The most recent of Curato’s research projects concerns the role of deliberation in post-conflict contexts, and the situation after the 2013 typhoon Haiyan in the Philippines, in particular. Applying an ethnographic approach she studies, how the post-disaster reconstruction processes in the cities hit by Haiyan fulfil democratic and deliberative criteria, and develops a framework for evaluating the democratic quality of similar recovery processes. By attending community meetings, protests and other formal and informal participatory processes and interviewing affected populations she analyses whether democratic innovations can benefit recovery processes, and how.
Curato’s other work (together with Simon Niemeyer and Andre Bächtiger) deals with the deliberative-democratic capacity of nation-states with the aim to conceptualize and operationalize an index for comparing democracies in today’s world.
– I am also planning to do research on crowdsourcing legislation in Finland, which has inspired me recently. We usually think that citizens just monitor legislators, so it is very rare that citizens can actually craft policies in a collaborative and digitally-enabled manner.
What kind of democratic innovations are there in your regions of expertise?
Australia, where Curato is based, is experiencing similar deficits as other liberal democracies.
– People have the impression that democracy is in crisis. There is lack of political trust, disenchantment, and cheap political point-scoring. Democracy has a bad reputation, because we tend to narrowly equate it to electoral processes.
Australia has, however, gained quite a lot of experience in organizing deliberative citizens’ assemblies, citizen panels and citizen juries. The first Australian Citizens’ Parliament in 2009 was a randomly selected panel of 150 citizens who developed proposals on how the government could better serve its people.
– Also in Sydney, there was a citizens’ assembly on climate change adaptation, and the cities of Melbourne and Perth are actively integrating deliberative panels in their city planning in the coming years.

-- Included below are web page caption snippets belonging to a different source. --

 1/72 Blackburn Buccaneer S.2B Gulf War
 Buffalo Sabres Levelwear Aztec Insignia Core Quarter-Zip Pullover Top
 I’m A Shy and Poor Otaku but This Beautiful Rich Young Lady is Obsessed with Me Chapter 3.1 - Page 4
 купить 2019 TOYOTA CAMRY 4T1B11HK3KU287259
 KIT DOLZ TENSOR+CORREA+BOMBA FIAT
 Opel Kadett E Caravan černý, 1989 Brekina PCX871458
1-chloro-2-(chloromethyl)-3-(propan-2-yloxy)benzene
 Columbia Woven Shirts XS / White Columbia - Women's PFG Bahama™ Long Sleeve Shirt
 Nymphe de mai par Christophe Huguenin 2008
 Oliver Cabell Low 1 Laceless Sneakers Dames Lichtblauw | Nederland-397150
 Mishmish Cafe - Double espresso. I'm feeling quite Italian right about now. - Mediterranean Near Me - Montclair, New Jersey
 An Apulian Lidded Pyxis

The Philippines, on the other hand, is a classic example of how the promise of democracy is so unevenly spread. There are no political parties and the power structure is very dynastic, meaning that representatives are selected based on their family names and along kinship lines. In terms of economy, it is also a very unequal society in the Asian context.

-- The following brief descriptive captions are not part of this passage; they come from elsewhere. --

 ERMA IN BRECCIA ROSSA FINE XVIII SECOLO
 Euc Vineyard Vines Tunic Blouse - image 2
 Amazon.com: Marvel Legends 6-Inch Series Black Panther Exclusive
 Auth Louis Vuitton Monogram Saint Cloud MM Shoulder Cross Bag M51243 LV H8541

– There have, however, been pioneering democratic practices at the local level, because since the 80s the Constitution has enshrined that NGO participation is vital in all areas of governance. The challenge is to link these grassroots initiatives and impulses to democratization at the national level to deliver democracy’s promise of justice and redistribution.

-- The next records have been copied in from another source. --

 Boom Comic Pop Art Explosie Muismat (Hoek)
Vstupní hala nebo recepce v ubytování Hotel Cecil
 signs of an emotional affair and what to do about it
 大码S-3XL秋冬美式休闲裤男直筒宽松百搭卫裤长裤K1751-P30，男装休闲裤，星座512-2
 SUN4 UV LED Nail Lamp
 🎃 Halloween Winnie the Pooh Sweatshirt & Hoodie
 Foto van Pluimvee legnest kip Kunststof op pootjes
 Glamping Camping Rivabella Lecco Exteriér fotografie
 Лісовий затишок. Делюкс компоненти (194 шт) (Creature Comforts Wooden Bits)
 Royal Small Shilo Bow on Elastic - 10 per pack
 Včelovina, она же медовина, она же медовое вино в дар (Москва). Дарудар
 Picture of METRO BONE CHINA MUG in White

What is innovative in Finnish democracy?
– The Open Ministry platform and attempts to crowd-source legislation is definitely one example of an innovative practice. I also think that in Finland, there is a strong creative class who are willing to experiment and push the boundaries of politics. These people are not the same old, textbook-type activists nor come from political parties, and they apply performances, music, and other forms of soft influence in order to achieve political goals.